Until a superior officer to Johnston arrived six months after the coup, John Macarthur was clearly in control. During that period the rudimentary legal system was abused, where not suspended. Atkins was replaced and Macarthur was quickly acquitted of the charges that precipitated the coup at a joke of a trial. Magistrates loyal to Bligh were dismissed. Other loyalists were subject to a parody of justice that was no more than malevolent revenge. They were convicted on bogus charges and sent to work in the coal mines at Newcastle. The civil court processes were abused. Commerce was adversely affected as it was uncertain whether the negotiable bills payable in sterling, that had traditionally been used for transactions with the government, would be honoured in London. No one who lived through this period could have had any doubt that the rule of law was severely compromised.
Later, the courts appeared to operate more normally and fairly. However, throughout the two years between the deposition of Bligh and the arrival of Macquarie, the colony was controlled by an illegal government. Every appointment, including to judicial office, was invalid. So was every governmental decision, including every exercise of judicial power. Uncertainty was ubiquitous. Personal and property rights were institutionally insecure.
The English political nation welcomed the restoration of the Stuarts after the depredations of Cromwell, which experience left an abiding mistrust of a standing army that was forbidden, without express Parliamentary approval, by the Bill of Rights of 1689. For much the same reasons, the residents of New South Wales welcomed the restoration of legitimate authority under our greatest Governor, Lachlan Macquarie.
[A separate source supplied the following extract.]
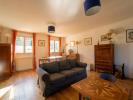 Acheter Maison Dardilly 450000 euros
In accordance with his instructions, he invalidated the appointments and the decisions of the rebel administration, including appointments to and decisions by the courts. Perfected court orders were not reopened on the basis of necessity, perhaps most poignantly applied in the case of the invalid death sentences that had been carried into effect. Nevertheless, some redress was available for the past illegal exercise of governmental power. One of those banished to the coal mines sued successfully for false imprisonment.
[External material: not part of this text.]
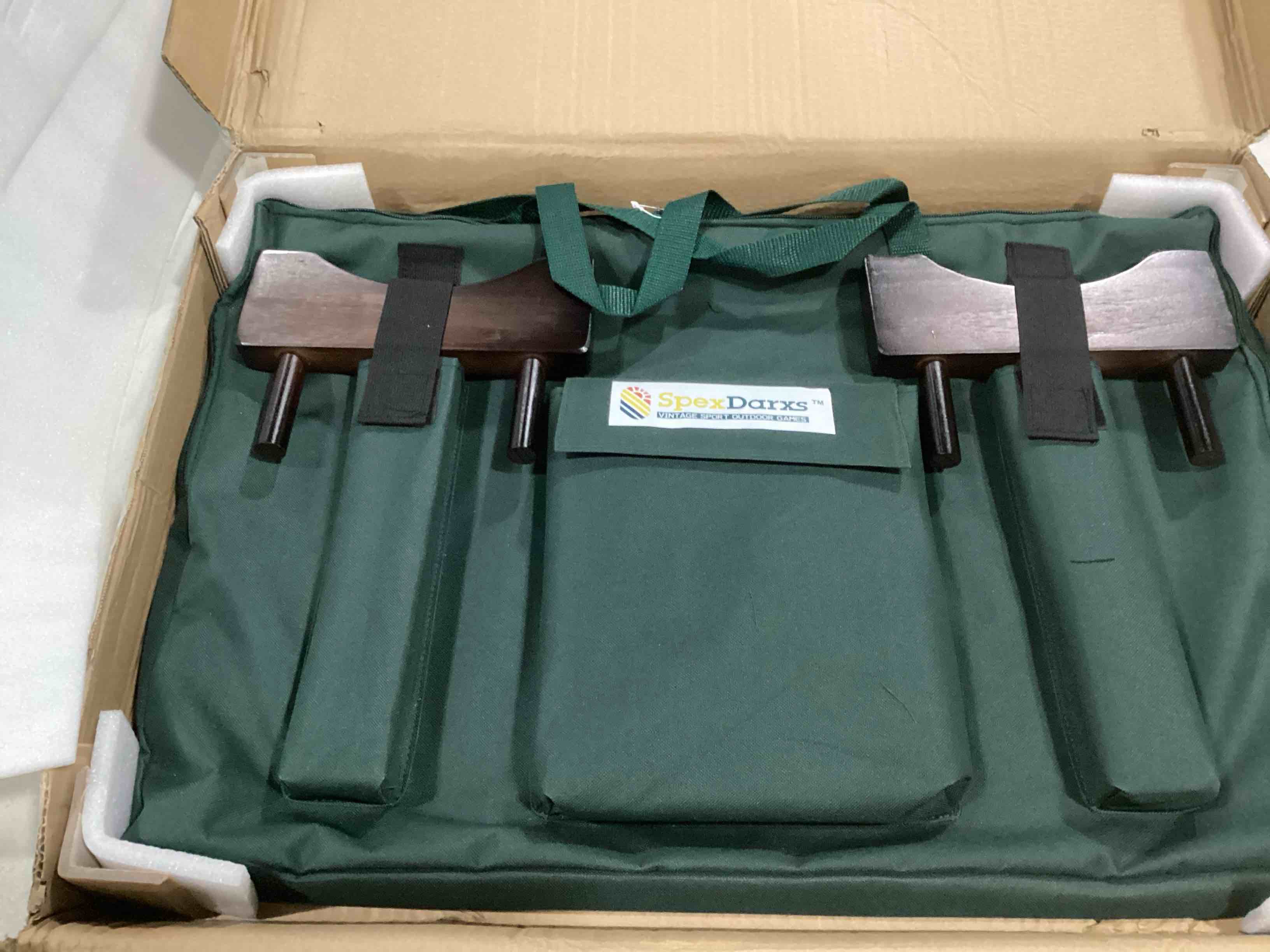 https://s3.amazonaws.com/lotting-images-prod/bidfta/ORG5859012_1715001610272.jpeg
The rule of law was emphatically restored. The bicentenary of Macquarie’s installation as Governor on 1 January 1810, is an event worthy of substantive commemoration.
Much of Australian history is written as if it consisted primarily of the achievement of independence from England: constitutional, political, economic, military, cultural, social and legal independence – “a march towards the light” as one historian has put it. However many of our most fundamental institutions were created quickly and, whilst drawing on the intellectual toolkit of contemporary Britain, emerged, or were entrenched, in response to local events and conditions and proceeded to change and develop in a distinctive way. The rule of law, the independence of the judiciary, freedom of the press, representative and democratic government are such institutions.
The bicentenary of this most significant event in the establishment of the rule of law, like last year’s commemoration of the sesquicentenary of responsible government in this State, emphasises the longevity that underpins the robust strength of those institutions. We do well to understand the source of that strength.